The data storage means is configured to accept and retain component-by-component maintenance reporting data, input by a serviceman via the input device, on actual maintenance jobs carried out on the components of the image reproducing system. The maintenance reporting data includes job content data updating component maintenance status according to the actual maintenance jobs carried out on the components. The maintenance reporting data further includes maintenance categorizing data categorizing the most recent status of maintenance on the serviced components. The data storage means is further configured to hold component-by-component, in response to the job content data, job item immediate rankings from the routine maintenance rank-ordered sequences of the maintenance job items.
The microprocessor sets maintenance job items for succeeding maintenance work component-by-component in the routine maintenance rank-ordered sequences, in response to the maintenance reporting data and the job item immediate rankings held in the data storage means. The display means accordingly displays the maintenance job items set by the microprocessor.
The type of maintenance may include "routine maintenance," non-regular "repair maintenance" and "routine and repair maintenance," and the job content data may designate the content of actual maintenance jobs at least as "replacement," "ignore maintenance" and "other work."
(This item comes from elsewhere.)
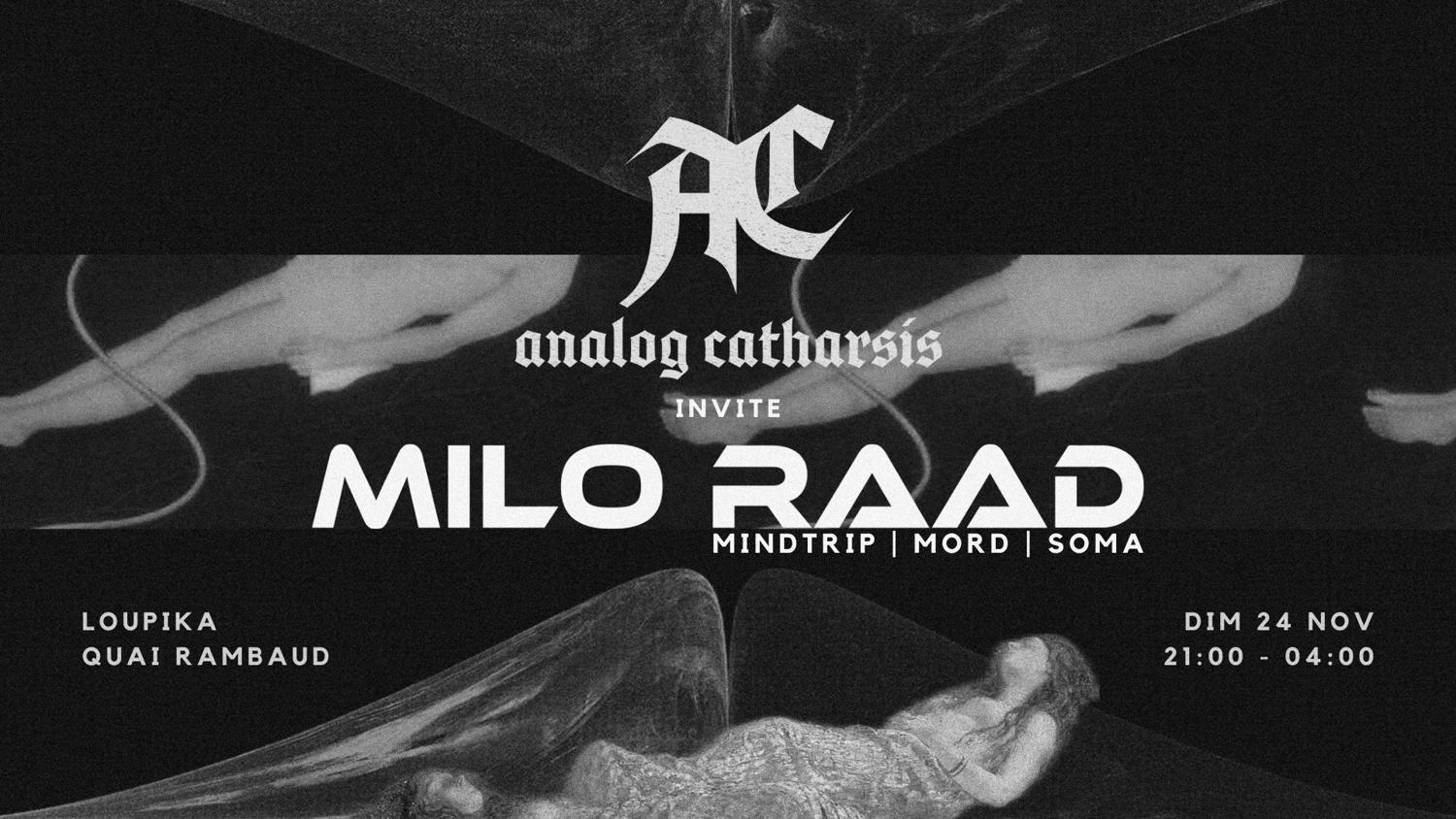 Analog Catharsis Invite Milo Raad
Moreover, when the type of maintenance received by the data-accepting means is "routine maintenance" or "routine and repair maintenance," the microprocessor, when the job content is "replacement," may set the head one of the job contents stored in the routine maintenance rank-ordered sequence in the data storage means; when the job content is "ignore maintenance," the microprocessor may set the immediate one of the job contents in the routine maintenance rank-ordered sequence; and when the job content is "other work," the microprocessor may set the one of the job contents in the routine maintenance rank-ordered sequence next from the immediate one in the sequence.
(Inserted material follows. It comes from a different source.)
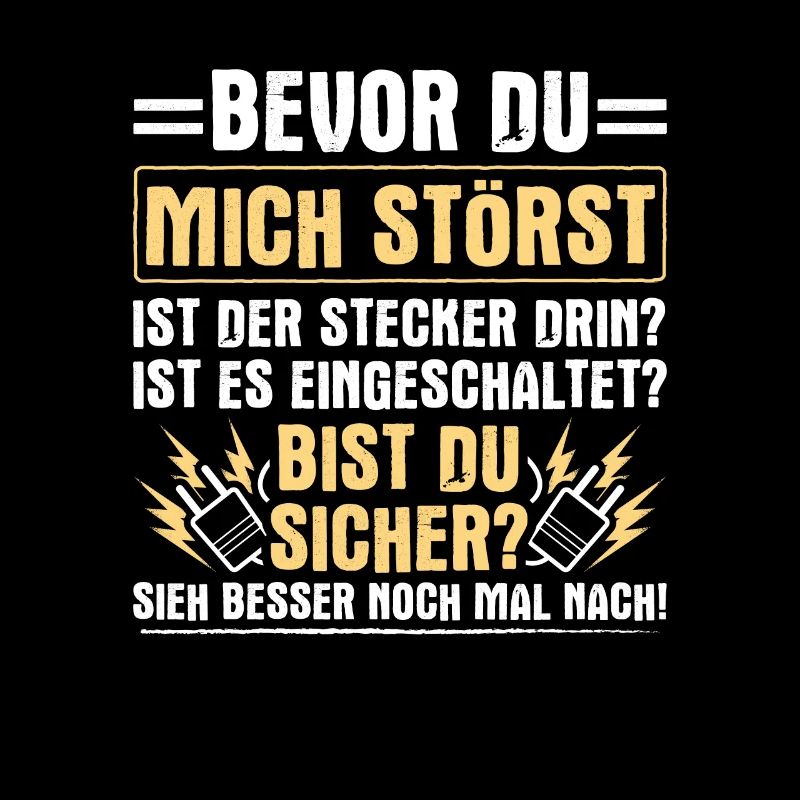 Bevor Du Mich Störst Elektriker Strom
Furthermore, when the type of maintenance accepted by the data-accepting means is "repair maintenance" the microprocessor may set the head one of the job contents stored in the routine maintenance rank-ordered sequence in the data storage means, and when the job content is "other work," set the mediate one of the job contents in the routine maintenance rank-order sequence.
Moreover, the data storage means is further configured to hold sanctioned image-formation counts, each being a count of image-reproducing system image formations predetermined for sanctioning serviceable life-span of a component before replacement. The data storage means is also further configured to accept and retain counts of image formations by the image-reproducing system. The microprocessor accordingly may determine the life-span of each serviceable component by correlating the image formation count accepted by the data storage means with the sanctioned image-formation counts held previously therein. Thus components which have attained life-span can be replaced reliably during the next routine maintenance.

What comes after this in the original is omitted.